Bupati Buka Kegiatan Operasi Katarak di Puskesmas Negeri Lama

"Sedangkan tujuan akhir dari kegiatan ini adalah untuk meningkatkan derajat kesehatan para orangtua kita ataupun saudara kita yang terkena katarak..."

Bupati Buka Kegiatan Operasi Katarak di Puskesmas Negeri Lama
Tribun Medan/Royandi Hutasoit
Ilustrasi 

TRIBUN-MEDAN.com, RANTAUPRAPAT - "Mata adalah jendela dunia. Dapat kita bayangkan berapa kerugian secara ekonomi jika seseorang dalam usia produktif mengalami gangguan penglihatan, belum lagi masalah kesiapan mental jika masalah penglihatan menderai usia lanjut. Data Kementerian Kesehatan Tahun 2015 menunjukkan angka kebutaan akibat katarak secara nasional 1,5% atau sekitar 4 juta penduduk indonesia mengalami kebutaan,"kata Bupati Labuhanbatu, H Pangonal Harahap, Jumat (12/5/2017).

Menurutnya, Penyakit Diabetes Melitus dapat memicu timbulnya masalah pada kesehatan indra penglihatan yaitu gangguan penglihatan berupa katarak yang dapat berujung pada kebutaan, beberapa hasil penelitian menyebutkan bahwa katarak selain disebabkan oleh diabetes melitus juga karena faktor usia genetika, trauma, infeksi, penyakit kulit dan rendahnya status gizi seseorang.

Terkait dengan hal itu, maka Pemerintah Kabupaten Labuhanbatu melalui Satuan Kerja Perangkat Daerah (SKPD) Dinas Kesehatan secara konsisten menyelenggarakan berbagai upaya pencegahan maupun penanggulangan penyakit katarak, upaya penanggulangan dilakukan dengan menyelenggarakan pelayanan operasi katarak gratis bagi masyarakat kurang mampu.

Baca: Mendagri: Yang Putuskan Pengadilan, Kenapa Fitnahnya ke Jokowi?

Sedangkan upaya pencegahan dilakukan melalui kegiatan peningkatan status gizi, penyuluhan perilaku hidup bersih dan sehat, untuk itu diharapkan dari kegiatan ini mampu mengurangi angka kebutaan akibat katarak di Kabupaten Labuhanbatu sehingga hak untuk melihat “The Right To Sight” 2020 yaitu penurunan angka kebutaan katarak sebesar 25% hingga tahun 2020 yang dicanangkan oleh organisasi kesehatan dunia (WHO) dapat tercapai.

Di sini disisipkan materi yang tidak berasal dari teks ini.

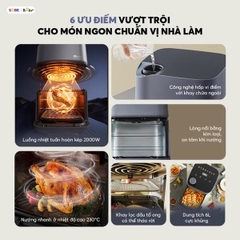 Nồi chiên không dầu Bear 6 lít AF-5H19I45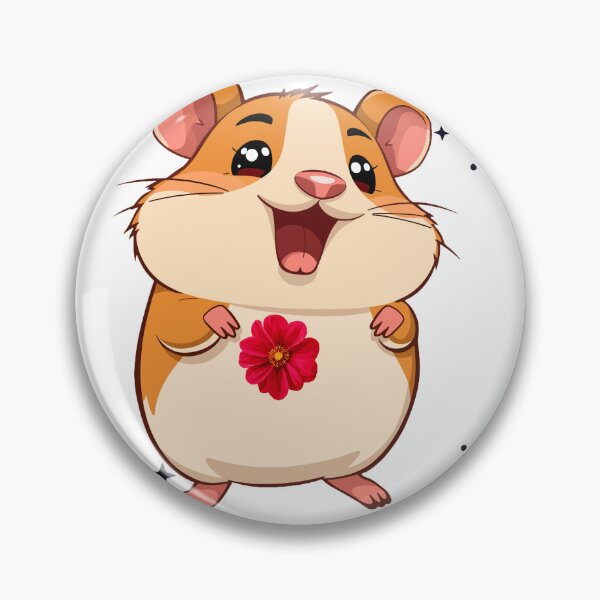 Item preview, Small But Mighty Cute Hamster Design designed and sold by vibecraft_studio2.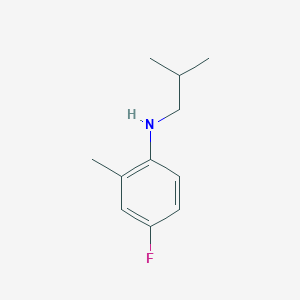 Benzenamine, 4-fluoro-2-methyl-N-(2-methylpropyl)-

Pelaksana Kadis Kesehatan Labuhanbatu H Hasnul Basri, menjelaskan kegiatan operasi katarak gratis ini merupakan bentuk kepedulian Pemkab Labuhanbatu terhadap pemenuhan kebutuhan pelayanan kesehatan bagi masyarakat kurang mampu di Kabupaten Labuhanbatu.

"Sedangkan tujuan akhir dari kegiatan ini adalah untuk meningkatkan derajat kesehatan para orangtua kita ataupun saudara kita yang terkena katarak sehingga mereka berkesempatan untuk hidup secara mandiri dan terpenuhi haknya untuk melihat sebagaimana yang dicanangkan oleh WHO,"katanya.

Hasnul mengatakan, kegiatan operasi katarak secara gratis ini dilaksanakan selama 3 hari dari tanggal 11 s/d 13 Mei 2017 dengan target sasaran 150 mata, pada pasien yang dioperasi akan ditanamkan IOL (Intra Okuler Lens)/lensa tanam, mendapatkan obat-obatan mata dan follow up/dipantau sebanyak 3 kali yaitu 1 hari setelah operasi dan setiap minggu berikutnya.

Menurutnya, Kriteria pasien yang dioperasi adalah para penderita katarak yang telah masak (Mature), tekanan darah normal dan kadar gula darah normal, untuk penjaringan pasien dilaksanakan oleh masing-masing Puskesmas sejak bulan Februari s/d April 2017 (169 peserta).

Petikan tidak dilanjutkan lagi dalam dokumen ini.